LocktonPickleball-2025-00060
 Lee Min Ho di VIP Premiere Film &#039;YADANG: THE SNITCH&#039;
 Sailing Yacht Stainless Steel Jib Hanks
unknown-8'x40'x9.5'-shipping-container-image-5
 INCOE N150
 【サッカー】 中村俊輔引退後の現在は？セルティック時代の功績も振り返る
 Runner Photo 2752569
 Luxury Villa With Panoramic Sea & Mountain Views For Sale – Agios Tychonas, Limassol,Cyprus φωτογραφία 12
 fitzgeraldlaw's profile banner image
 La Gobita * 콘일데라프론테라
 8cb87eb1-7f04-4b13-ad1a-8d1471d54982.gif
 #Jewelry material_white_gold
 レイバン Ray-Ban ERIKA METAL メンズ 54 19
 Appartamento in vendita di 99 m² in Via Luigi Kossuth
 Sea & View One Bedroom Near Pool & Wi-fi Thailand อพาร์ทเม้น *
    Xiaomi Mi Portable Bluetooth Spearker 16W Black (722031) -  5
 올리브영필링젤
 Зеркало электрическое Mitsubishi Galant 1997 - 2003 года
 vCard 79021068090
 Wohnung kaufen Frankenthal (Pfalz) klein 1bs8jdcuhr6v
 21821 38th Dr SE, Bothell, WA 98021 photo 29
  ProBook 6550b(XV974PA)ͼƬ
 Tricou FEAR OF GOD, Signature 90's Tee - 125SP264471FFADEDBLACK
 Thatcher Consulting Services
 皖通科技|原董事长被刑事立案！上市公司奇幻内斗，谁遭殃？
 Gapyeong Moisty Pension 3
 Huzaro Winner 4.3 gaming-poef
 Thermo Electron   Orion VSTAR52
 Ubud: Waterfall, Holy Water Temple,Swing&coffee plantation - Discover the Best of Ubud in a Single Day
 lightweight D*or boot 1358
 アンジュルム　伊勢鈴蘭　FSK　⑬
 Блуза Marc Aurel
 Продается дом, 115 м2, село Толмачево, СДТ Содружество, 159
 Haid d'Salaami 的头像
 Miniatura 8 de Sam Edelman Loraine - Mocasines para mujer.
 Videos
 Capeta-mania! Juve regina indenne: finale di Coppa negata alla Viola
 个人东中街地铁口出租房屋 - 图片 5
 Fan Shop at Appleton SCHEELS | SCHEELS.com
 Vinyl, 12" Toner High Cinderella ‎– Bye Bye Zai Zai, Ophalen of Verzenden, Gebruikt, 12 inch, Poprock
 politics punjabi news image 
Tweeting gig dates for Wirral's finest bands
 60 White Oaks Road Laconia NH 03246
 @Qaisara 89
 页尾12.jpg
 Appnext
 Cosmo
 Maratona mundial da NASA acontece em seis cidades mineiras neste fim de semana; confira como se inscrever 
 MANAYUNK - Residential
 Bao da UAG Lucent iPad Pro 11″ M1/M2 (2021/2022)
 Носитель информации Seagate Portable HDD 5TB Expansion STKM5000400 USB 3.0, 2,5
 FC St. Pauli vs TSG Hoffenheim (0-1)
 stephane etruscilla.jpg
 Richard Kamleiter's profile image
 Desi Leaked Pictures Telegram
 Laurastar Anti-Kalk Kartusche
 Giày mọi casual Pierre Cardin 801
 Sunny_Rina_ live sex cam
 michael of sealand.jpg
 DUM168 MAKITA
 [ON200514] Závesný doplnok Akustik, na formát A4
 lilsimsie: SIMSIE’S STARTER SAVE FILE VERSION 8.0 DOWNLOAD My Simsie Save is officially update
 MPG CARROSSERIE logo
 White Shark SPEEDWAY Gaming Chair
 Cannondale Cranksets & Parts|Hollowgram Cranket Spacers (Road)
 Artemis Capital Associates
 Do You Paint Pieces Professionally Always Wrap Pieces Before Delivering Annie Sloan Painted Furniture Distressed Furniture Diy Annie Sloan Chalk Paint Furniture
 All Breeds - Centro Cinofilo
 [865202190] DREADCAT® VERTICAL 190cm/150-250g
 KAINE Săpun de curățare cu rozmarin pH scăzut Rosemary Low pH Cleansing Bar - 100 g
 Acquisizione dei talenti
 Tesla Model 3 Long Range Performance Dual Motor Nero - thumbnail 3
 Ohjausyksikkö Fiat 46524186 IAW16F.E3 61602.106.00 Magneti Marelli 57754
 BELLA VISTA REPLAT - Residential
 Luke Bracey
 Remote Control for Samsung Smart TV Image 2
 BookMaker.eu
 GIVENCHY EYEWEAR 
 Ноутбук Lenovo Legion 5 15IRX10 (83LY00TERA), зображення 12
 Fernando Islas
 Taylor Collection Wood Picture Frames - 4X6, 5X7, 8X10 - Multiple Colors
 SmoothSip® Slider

++++++++++++++++++++

Work task:
Everything from the line holding "Remote Control for Samsung Smart TV Image 2" through the final line of the material must be given again exactly, and nothing outside that stretch.

Response:
 Remote Control for Samsung Smart TV Image 2
 BookMaker.eu
 GIVENCHY EYEWEAR 
 Ноутбук Lenovo Legion 5 15IRX10 (83LY00TERA), зображення 12
 Fernando Islas
 Taylor Collection Wood Picture Frames - 4X6, 5X7, 8X10 - Multiple Colors
 SmoothSip® Slider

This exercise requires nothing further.